EXERCISE INSTRUCTIONS:
Write the entries out in full, matching them exactly.

DATA LISTING:
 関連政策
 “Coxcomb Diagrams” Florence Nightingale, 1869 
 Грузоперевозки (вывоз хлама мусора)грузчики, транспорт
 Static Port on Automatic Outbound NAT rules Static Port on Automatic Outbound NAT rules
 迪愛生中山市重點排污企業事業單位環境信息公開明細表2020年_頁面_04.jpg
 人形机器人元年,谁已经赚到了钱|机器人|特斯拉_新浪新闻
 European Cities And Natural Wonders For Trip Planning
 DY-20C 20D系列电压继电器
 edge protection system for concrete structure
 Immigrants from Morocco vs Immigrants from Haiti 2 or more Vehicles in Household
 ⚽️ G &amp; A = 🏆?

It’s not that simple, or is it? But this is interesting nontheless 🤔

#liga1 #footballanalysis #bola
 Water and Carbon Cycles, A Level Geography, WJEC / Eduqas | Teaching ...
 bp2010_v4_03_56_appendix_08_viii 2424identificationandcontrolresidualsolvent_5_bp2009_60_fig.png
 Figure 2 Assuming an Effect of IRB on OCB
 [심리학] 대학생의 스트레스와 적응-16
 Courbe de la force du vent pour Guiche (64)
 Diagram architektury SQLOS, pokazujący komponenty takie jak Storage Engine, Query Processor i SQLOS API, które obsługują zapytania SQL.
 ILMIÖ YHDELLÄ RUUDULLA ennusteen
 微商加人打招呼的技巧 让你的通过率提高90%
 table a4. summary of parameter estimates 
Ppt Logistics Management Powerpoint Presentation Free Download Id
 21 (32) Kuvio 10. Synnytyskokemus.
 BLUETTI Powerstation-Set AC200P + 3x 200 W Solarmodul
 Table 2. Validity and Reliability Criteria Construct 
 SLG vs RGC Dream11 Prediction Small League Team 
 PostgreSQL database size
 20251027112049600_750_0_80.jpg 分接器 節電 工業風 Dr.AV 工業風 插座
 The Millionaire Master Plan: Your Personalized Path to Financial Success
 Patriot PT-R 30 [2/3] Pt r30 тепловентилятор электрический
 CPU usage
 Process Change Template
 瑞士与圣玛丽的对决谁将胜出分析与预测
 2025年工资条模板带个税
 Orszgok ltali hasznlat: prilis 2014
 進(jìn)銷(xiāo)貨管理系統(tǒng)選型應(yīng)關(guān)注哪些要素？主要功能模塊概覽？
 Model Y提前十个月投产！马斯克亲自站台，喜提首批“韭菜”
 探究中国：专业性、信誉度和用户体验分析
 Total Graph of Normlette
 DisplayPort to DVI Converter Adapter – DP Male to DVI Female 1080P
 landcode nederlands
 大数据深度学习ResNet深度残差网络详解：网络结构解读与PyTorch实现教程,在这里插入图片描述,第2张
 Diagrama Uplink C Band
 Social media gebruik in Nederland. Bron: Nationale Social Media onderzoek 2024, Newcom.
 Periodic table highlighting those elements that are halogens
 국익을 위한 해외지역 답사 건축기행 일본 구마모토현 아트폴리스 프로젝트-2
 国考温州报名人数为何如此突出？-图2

WRITTEN ANSWER:
 関連政策
 “Coxcomb Diagrams” Florence Nightingale, 1869 
 Грузоперевозки (вывоз хлама мусора)грузчики, транспорт
 Static Port on Automatic Outbound NAT rules Static Port on Automatic Outbound NAT rules
 迪愛生中山市重點排污企業事業單位環境信息公開明細表2020年_頁面_04.jpg
 人形机器人元年,谁已经赚到了钱|机器人|特斯拉_新浪新闻
 European Cities And Natural Wonders For Trip Planning
 DY-20C 20D系列电压继电器
 edge protection system for concrete structure
 Immigrants from Morocco vs Immigrants from Haiti 2 or more Vehicles in Household
 ⚽️ G &amp; A = 🏆?

It’s not that simple, or is it? But this is interesting nontheless 🤔

#liga1 #footballanalysis #bola
 Water and Carbon Cycles, A Level Geography, WJEC / Eduqas | Teaching ...
 bp2010_v4_03_56_appendix_08_viii 2424identificationandcontrolresidualsolvent_5_bp2009_60_fig.png
 Figure 2 Assuming an Effect of IRB on OCB
 [심리학] 대학생의 스트레스와 적응-16
 Courbe de la force du vent pour Guiche (64)
 Diagram architektury SQLOS, pokazujący komponenty takie jak Storage Engine, Query Processor i SQLOS API, które obsługują zapytania SQL.
 ILMIÖ YHDELLÄ RUUDULLA ennusteen
 微商加人打招呼的技巧 让你的通过率提高90%
 table a4. summary of parameter estimates 
Ppt Logistics Management Powerpoint Presentation Free Download Id
 21 (32) Kuvio 10. Synnytyskokemus.
 BLUETTI Powerstation-Set AC200P + 3x 200 W Solarmodul
 Table 2. Validity and Reliability Criteria Construct 
 SLG vs RGC Dream11 Prediction Small League Team 
 PostgreSQL database size
 20251027112049600_750_0_80.jpg 分接器 節電 工業風 Dr.AV 工業風 插座
 The Millionaire Master Plan: Your Personalized Path to Financial Success
 Patriot PT-R 30 [2/3] Pt r30 тепловентилятор электрический
 CPU usage
 Process Change Template
 瑞士与圣玛丽的对决谁将胜出分析与预测
 2025年工资条模板带个税
 Orszgok ltali hasznlat: prilis 2014
 進(jìn)銷(xiāo)貨管理系統(tǒng)選型應(yīng)關(guān)注哪些要素？主要功能模塊概覽？
 Model Y提前十个月投产！马斯克亲自站台，喜提首批“韭菜”
 探究中国：专业性、信誉度和用户体验分析
 Total Graph of Normlette
 DisplayPort to DVI Converter Adapter – DP Male to DVI Female 1080P
 landcode nederlands
 大数据深度学习ResNet深度残差网络详解：网络结构解读与PyTorch实现教程,在这里插入图片描述,第2张
 Diagrama Uplink C Band
 Social media gebruik in Nederland. Bron: Nationale Social Media onderzoek 2024, Newcom.
 Periodic table highlighting those elements that are halogens
 국익을 위한 해외지역 답사 건축기행 일본 구마모토현 아트폴리스 프로젝트-2
 国考温州报名人数为何如此突出？-图2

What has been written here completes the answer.